Il croit fermement que l’adoption de cette résolution l’an dernier par la Chambre des communes a grandement contribué à renforcer l’unité canadienne au cours des derniers mois. Les Québécois, selon lui, se sentent nettement plus à l’aise dans la fédération lorsque leur identité est reconnue.
M. Harper caresse maintenant l’ambition de régler d’une manière permanente la place qu’occupe le Québec au Canada en inscrivant noir sur blanc dans la loi fondamentale du pays que les Québécois forment une nation.
« Je veux continuer mes efforts pour vraiment unir ce pays» a-t-il affirmé.
« Je pense que notre politique de fédéralisme d’ouverture, l’entente sur l’UNESCO, le règlement du déséquilibre fiscal, mais surtout la résolution sur la nation ont bien amélioré la question de l’unité nationale et le confort des Québécois dans la fédération canadienne », a dit M. Harper durant l’entrevue, qui s’est déroulée mercredi dernier à sa résidence officielle.

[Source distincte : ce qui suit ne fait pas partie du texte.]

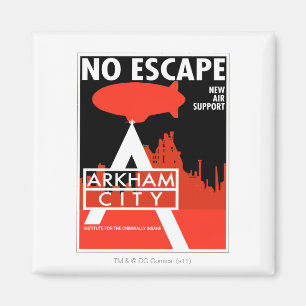 ACプロパガンダ- No Escape - New Air Support マグネット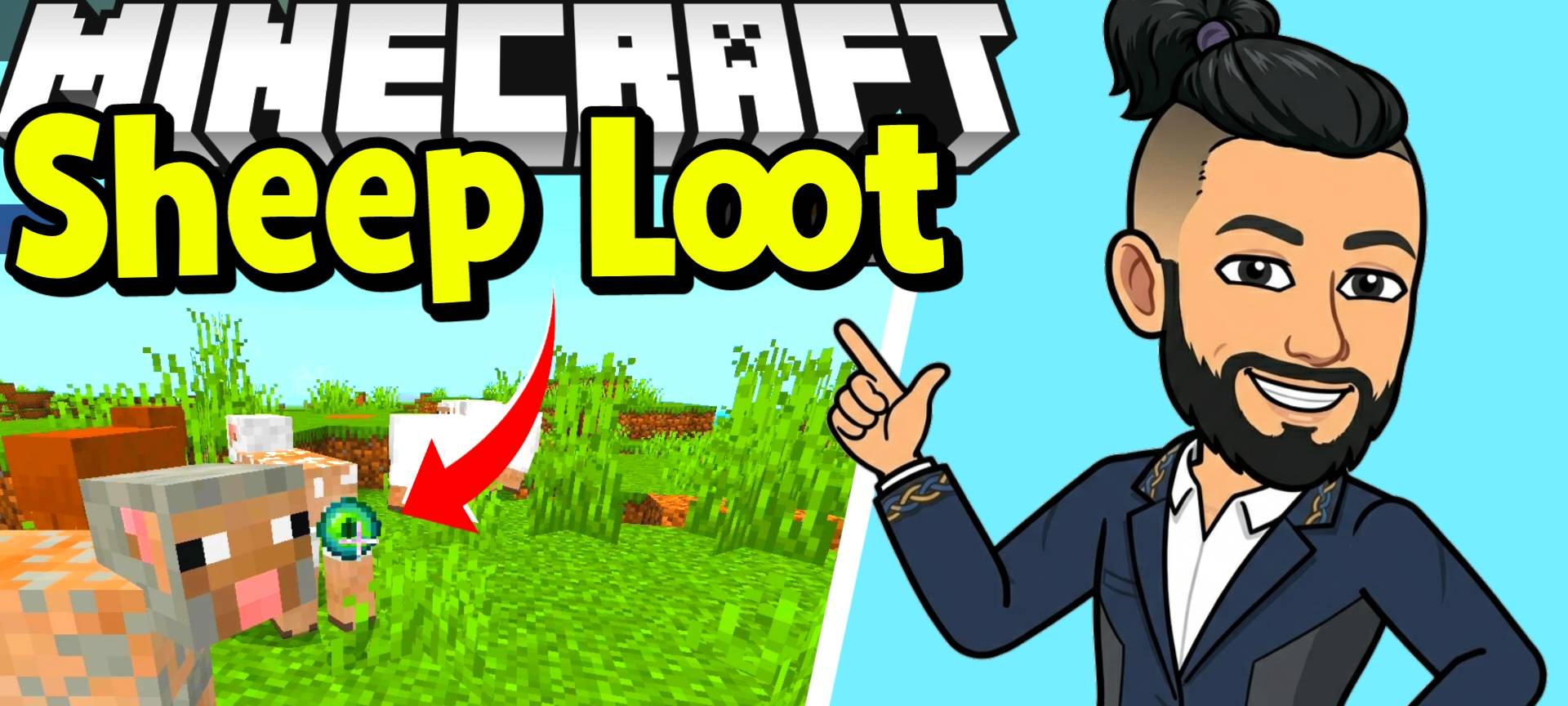 RR Sheep Loot - Random Drops — screenshot 1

« Je veux assurer les Québécois et les autres que nous n’avons pas oublié cette motion. Nous reconnaissons qu’on devra faire plus pour vraiment continuer dans cette voie positive. La population du Québec cherche une solution, comme je dis, nationaliste, et le reste du pays veut une solution qui peut garder un Québec fort au sein du Canada. C’est la raison pour laquelle je n’ai pas l’intention d’oublier cette motion. J’ai l’intention de continuer à faire des choses, étape par étape, sur le terrain pour assurer cet avenir », a ajouté le premier ministre.
Cela veut-il dire qu’il compte inclure un jour cette reconnaissance de la nation québécoise dans la Constitution ? « Étape par étape, quand le terrain sera fertile », a répondu M. Harper, sourire en coin.
Il n’a pas précisé sa pensée sur ce qu’est un « terrain fertile ». Mais il est évident qu’il faudrait un peu plus de stabilité politique à Ottawa et à Québec, où les deux gouvernements sont minoritaires. Le terrain pourrait donc être plus fertile si le Parti conservateur forme un gouvernement majoritaire à l’issue des prochaines élections et qu’un gouvernement fédéraliste majoritaire s’installe aussi à l’Assemblée nationale.
Pas une mince affaire
Inclure la reconnaissance de la nation québécoise dans la Constitution ne serait pas forcément chose facile. Dans le passé, deux accords constitutionnels, l’entente du lac Meech, en 1990, et l’accord de Charlottetown ont avorté notamment parce que l’on tentait de reconnaître le Québec comme une société distincte.
Le gouvernement fédéral aurait besoin de l’unanimité des provinces pour faire adopter un tel amendement. En outre, certaines provinces, dont la Colombie-Britannique et l’Alberta, doivent faire approuver tout amendement constitutionnel par voie référendaire.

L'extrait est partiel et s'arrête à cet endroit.